**Study material**
--- START ---
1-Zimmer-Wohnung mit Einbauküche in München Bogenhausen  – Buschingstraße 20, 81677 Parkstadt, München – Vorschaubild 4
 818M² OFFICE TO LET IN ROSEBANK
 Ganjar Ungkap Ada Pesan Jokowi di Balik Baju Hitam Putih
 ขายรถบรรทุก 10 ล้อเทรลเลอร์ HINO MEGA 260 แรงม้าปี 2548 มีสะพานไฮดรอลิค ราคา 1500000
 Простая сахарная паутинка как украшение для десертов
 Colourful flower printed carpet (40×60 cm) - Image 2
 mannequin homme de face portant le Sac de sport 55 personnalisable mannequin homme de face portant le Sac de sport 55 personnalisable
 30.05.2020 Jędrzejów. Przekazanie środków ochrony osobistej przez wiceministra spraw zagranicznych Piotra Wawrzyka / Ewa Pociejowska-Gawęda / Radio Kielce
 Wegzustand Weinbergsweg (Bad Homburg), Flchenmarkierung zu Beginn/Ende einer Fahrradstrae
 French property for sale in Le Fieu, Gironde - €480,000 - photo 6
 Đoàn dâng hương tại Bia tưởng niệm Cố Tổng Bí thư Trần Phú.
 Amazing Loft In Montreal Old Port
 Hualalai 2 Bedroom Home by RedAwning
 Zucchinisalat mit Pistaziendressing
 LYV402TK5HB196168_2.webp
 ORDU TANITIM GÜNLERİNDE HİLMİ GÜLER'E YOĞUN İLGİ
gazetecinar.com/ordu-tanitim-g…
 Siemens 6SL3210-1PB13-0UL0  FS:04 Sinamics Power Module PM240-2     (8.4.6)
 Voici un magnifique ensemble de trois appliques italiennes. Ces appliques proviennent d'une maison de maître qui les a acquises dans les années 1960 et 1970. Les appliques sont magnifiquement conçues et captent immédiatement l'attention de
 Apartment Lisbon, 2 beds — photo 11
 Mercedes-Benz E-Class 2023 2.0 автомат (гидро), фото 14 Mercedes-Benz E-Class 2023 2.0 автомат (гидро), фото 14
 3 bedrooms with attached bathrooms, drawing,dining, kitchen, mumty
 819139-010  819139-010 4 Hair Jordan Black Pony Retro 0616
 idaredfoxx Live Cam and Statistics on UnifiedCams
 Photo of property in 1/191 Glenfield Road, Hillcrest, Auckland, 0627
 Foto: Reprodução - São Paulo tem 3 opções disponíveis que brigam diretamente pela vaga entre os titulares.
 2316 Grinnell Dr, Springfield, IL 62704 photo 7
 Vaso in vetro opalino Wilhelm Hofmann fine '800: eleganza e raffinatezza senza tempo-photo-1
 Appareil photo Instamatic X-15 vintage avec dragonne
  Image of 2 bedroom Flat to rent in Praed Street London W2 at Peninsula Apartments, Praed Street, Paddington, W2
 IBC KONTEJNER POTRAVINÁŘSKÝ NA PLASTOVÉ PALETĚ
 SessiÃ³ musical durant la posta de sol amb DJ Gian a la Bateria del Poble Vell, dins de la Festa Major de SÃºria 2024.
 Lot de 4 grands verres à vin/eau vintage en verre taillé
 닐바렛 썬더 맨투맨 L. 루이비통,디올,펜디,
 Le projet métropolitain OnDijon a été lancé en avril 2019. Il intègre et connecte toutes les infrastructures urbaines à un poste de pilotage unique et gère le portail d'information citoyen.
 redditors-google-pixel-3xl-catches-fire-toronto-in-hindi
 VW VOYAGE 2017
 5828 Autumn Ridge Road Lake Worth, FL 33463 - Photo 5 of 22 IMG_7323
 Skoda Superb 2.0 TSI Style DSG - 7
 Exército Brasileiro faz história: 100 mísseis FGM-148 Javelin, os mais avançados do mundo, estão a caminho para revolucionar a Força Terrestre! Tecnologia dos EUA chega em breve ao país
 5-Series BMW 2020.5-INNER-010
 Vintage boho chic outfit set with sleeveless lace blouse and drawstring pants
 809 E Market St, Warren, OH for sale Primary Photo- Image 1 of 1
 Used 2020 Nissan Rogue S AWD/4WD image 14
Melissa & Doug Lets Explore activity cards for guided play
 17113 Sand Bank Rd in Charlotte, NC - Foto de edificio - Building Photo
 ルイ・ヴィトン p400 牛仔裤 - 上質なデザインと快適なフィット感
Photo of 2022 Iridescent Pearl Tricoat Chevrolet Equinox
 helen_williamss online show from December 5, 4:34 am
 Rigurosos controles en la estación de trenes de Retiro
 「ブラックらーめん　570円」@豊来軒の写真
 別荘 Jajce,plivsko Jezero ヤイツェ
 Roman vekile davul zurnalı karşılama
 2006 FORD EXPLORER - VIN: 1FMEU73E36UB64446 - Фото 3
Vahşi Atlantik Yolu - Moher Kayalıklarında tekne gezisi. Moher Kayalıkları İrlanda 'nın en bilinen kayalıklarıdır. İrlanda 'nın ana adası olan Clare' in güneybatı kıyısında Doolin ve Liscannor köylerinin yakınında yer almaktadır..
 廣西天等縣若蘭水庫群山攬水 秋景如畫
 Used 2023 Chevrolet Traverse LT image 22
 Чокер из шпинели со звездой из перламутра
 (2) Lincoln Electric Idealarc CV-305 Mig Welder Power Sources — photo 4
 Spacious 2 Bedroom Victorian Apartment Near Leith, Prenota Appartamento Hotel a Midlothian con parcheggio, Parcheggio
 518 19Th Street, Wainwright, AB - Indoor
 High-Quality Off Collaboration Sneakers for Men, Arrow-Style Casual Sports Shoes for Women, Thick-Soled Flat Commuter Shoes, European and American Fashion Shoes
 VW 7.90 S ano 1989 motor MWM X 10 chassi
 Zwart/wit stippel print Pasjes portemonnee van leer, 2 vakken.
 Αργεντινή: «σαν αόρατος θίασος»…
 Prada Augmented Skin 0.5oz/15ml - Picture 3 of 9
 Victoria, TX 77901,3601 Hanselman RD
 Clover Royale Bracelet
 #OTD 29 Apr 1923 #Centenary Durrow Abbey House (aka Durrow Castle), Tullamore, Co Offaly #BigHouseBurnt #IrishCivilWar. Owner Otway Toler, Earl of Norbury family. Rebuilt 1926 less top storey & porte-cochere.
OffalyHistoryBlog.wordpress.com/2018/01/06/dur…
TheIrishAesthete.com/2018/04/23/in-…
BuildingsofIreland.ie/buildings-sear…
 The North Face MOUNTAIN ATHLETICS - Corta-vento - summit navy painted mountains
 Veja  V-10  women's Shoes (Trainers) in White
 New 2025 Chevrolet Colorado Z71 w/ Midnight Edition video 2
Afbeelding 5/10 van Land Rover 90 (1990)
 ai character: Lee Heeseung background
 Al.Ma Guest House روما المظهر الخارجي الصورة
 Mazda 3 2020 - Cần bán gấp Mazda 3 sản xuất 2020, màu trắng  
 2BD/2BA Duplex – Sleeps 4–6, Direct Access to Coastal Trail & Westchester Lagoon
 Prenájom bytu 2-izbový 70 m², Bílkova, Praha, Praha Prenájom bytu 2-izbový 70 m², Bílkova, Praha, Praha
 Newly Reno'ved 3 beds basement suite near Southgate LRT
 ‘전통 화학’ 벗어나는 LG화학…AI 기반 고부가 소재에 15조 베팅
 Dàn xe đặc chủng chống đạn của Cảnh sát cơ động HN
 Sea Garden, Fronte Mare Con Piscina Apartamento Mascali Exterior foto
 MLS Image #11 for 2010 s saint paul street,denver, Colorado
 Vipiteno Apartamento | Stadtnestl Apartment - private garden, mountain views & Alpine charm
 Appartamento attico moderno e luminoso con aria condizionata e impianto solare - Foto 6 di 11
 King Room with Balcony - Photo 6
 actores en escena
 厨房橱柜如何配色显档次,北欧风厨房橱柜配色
--- END ---
**Brief**
Emit the records above again, exactly, with no line skipped.

**Exercise output**
1-Zimmer-Wohnung mit Einbauküche in München Bogenhausen  – Buschingstraße 20, 81677 Parkstadt, München – Vorschaubild 4
 818M² OFFICE TO LET IN ROSEBANK
 Ganjar Ungkap Ada Pesan Jokowi di Balik Baju Hitam Putih
 ขายรถบรรทุก 10 ล้อเทรลเลอร์ HINO MEGA 260 แรงม้าปี 2548 มีสะพานไฮดรอลิค ราคา 1500000
 Простая сахарная паутинка как украшение для десертов
 Colourful flower printed carpet (40×60 cm) - Image 2
 mannequin homme de face portant le Sac de sport 55 personnalisable mannequin homme de face portant le Sac de sport 55 personnalisable
 30.05.2020 Jędrzejów. Przekazanie środków ochrony osobistej przez wiceministra spraw zagranicznych Piotra Wawrzyka / Ewa Pociejowska-Gawęda / Radio Kielce
 Wegzustand Weinbergsweg (Bad Homburg), Flchenmarkierung zu Beginn/Ende einer Fahrradstrae
 French property for sale in Le Fieu, Gironde - €480,000 - photo 6
 Đoàn dâng hương tại Bia tưởng niệm Cố Tổng Bí thư Trần Phú.
 Amazing Loft In Montreal Old Port
 Hualalai 2 Bedroom Home by RedAwning
 Zucchinisalat mit Pistaziendressing
 LYV402TK5HB196168_2.webp
 ORDU TANITIM GÜNLERİNDE HİLMİ GÜLER'E YOĞUN İLGİ
gazetecinar.com/ordu-tanitim-g…
 Siemens 6SL3210-1PB13-0UL0  FS:04 Sinamics Power Module PM240-2     (8.4.6)
 Voici un magnifique ensemble de trois appliques italiennes. Ces appliques proviennent d'une maison de maître qui les a acquises dans les années 1960 et 1970. Les appliques sont magnifiquement conçues et captent immédiatement l'attention de
 Apartment Lisbon, 2 beds — photo 11
 Mercedes-Benz E-Class 2023 2.0 автомат (гидро), фото 14 Mercedes-Benz E-Class 2023 2.0 автомат (гидро), фото 14
 3 bedrooms with attached bathrooms, drawing,dining, kitchen, mumty
 819139-010  819139-010 4 Hair Jordan Black Pony Retro 0616
 idaredfoxx Live Cam and Statistics on UnifiedCams
 Photo of property in 1/191 Glenfield Road, Hillcrest, Auckland, 0627
 Foto: Reprodução - São Paulo tem 3 opções disponíveis que brigam diretamente pela vaga entre os titulares.
 2316 Grinnell Dr, Springfield, IL 62704 photo 7
 Vaso in vetro opalino Wilhelm Hofmann fine '800: eleganza e raffinatezza senza tempo-photo-1
 Appareil photo Instamatic X-15 vintage avec dragonne
  Image of 2 bedroom Flat to rent in Praed Street London W2 at Peninsula Apartments, Praed Street, Paddington, W2
 IBC KONTEJNER POTRAVINÁŘSKÝ NA PLASTOVÉ PALETĚ
 SessiÃ³ musical durant la posta de sol amb DJ Gian a la Bateria del Poble Vell, dins de la Festa Major de SÃºria 2024.
 Lot de 4 grands verres à vin/eau vintage en verre taillé
 닐바렛 썬더 맨투맨 L. 루이비통,디올,펜디,
 Le projet métropolitain OnDijon a été lancé en avril 2019. Il intègre et connecte toutes les infrastructures urbaines à un poste de pilotage unique et gère le portail d'information citoyen.
 redditors-google-pixel-3xl-catches-fire-toronto-in-hindi
 VW VOYAGE 2017
 5828 Autumn Ridge Road Lake Worth, FL 33463 - Photo 5 of 22 IMG_7323
 Skoda Superb 2.0 TSI Style DSG - 7
 Exército Brasileiro faz história: 100 mísseis FGM-148 Javelin, os mais avançados do mundo, estão a caminho para revolucionar a Força Terrestre! Tecnologia dos EUA chega em breve ao país
 5-Series BMW 2020.5-INNER-010
 Vintage boho chic outfit set with sleeveless lace blouse and drawstring pants
 809 E Market St, Warren, OH for sale Primary Photo- Image 1 of 1
 Used 2020 Nissan Rogue S AWD/4WD image 14
Melissa & Doug Lets Explore activity cards for guided play
 17113 Sand Bank Rd in Charlotte, NC - Foto de edificio - Building Photo
 ルイ・ヴィトン p400 牛仔裤 - 上質なデザインと快適なフィット感
Photo of 2022 Iridescent Pearl Tricoat Chevrolet Equinox
 helen_williamss online show from December 5, 4:34 am
 Rigurosos controles en la estación de trenes de Retiro
 「ブラックらーめん　570円」@豊来軒の写真
 別荘 Jajce,plivsko Jezero ヤイツェ
 Roman vekile davul zurnalı karşılama
 2006 FORD EXPLORER - VIN: 1FMEU73E36UB64446 - Фото 3
Vahşi Atlantik Yolu - Moher Kayalıklarında tekne gezisi. Moher Kayalıkları İrlanda 'nın en bilinen kayalıklarıdır. İrlanda 'nın ana adası olan Clare' in güneybatı kıyısında Doolin ve Liscannor köylerinin yakınında yer almaktadır..
 廣西天等縣若蘭水庫群山攬水 秋景如畫
 Used 2023 Chevrolet Traverse LT image 22
 Чокер из шпинели со звездой из перламутра
 (2) Lincoln Electric Idealarc CV-305 Mig Welder Power Sources — photo 4
 Spacious 2 Bedroom Victorian Apartment Near Leith, Prenota Appartamento Hotel a Midlothian con parcheggio, Parcheggio
 518 19Th Street, Wainwright, AB - Indoor
 High-Quality Off Collaboration Sneakers for Men, Arrow-Style Casual Sports Shoes for Women, Thick-Soled Flat Commuter Shoes, European and American Fashion Shoes
 VW 7.90 S ano 1989 motor MWM X 10 chassi
 Zwart/wit stippel print Pasjes portemonnee van leer, 2 vakken.
 Αργεντινή: «σαν αόρατος θίασος»…
 Prada Augmented Skin 0.5oz/15ml - Picture 3 of 9
 Victoria, TX 77901,3601 Hanselman RD
 Clover Royale Bracelet
 #OTD 29 Apr 1923 #Centenary Durrow Abbey House (aka Durrow Castle), Tullamore, Co Offaly #BigHouseBurnt #IrishCivilWar. Owner Otway Toler, Earl of Norbury family. Rebuilt 1926 less top storey & porte-cochere.
OffalyHistoryBlog.wordpress.com/2018/01/06/dur…
TheIrishAesthete.com/2018/04/23/in-…
BuildingsofIreland.ie/buildings-sear…
 The North Face MOUNTAIN ATHLETICS - Corta-vento - summit navy painted mountains
 Veja  V-10  women's Shoes (Trainers) in White
 New 2025 Chevrolet Colorado Z71 w/ Midnight Edition video 2
Afbeelding 5/10 van Land Rover 90 (1990)
 ai character: Lee Heeseung background
 Al.Ma Guest House روما المظهر الخارجي الصورة
 Mazda 3 2020 - Cần bán gấp Mazda 3 sản xuất 2020, màu trắng  
 2BD/2BA Duplex – Sleeps 4–6, Direct Access to Coastal Trail & Westchester Lagoon
 Prenájom bytu 2-izbový 70 m², Bílkova, Praha, Praha Prenájom bytu 2-izbový 70 m², Bílkova, Praha, Praha
 Newly Reno'ved 3 beds basement suite near Southgate LRT
 ‘전통 화학’ 벗어나는 LG화학…AI 기반 고부가 소재에 15조 베팅
 Dàn xe đặc chủng chống đạn của Cảnh sát cơ động HN
 Sea Garden, Fronte Mare Con Piscina Apartamento Mascali Exterior foto
 MLS Image #11 for 2010 s saint paul street,denver, Colorado
 Vipiteno Apartamento | Stadtnestl Apartment - private garden, mountain views & Alpine charm
 Appartamento attico moderno e luminoso con aria condizionata e impianto solare - Foto 6 di 11
 King Room with Balcony - Photo 6
 actores en escena
 厨房橱柜如何配色显档次,北欧风厨房橱柜配色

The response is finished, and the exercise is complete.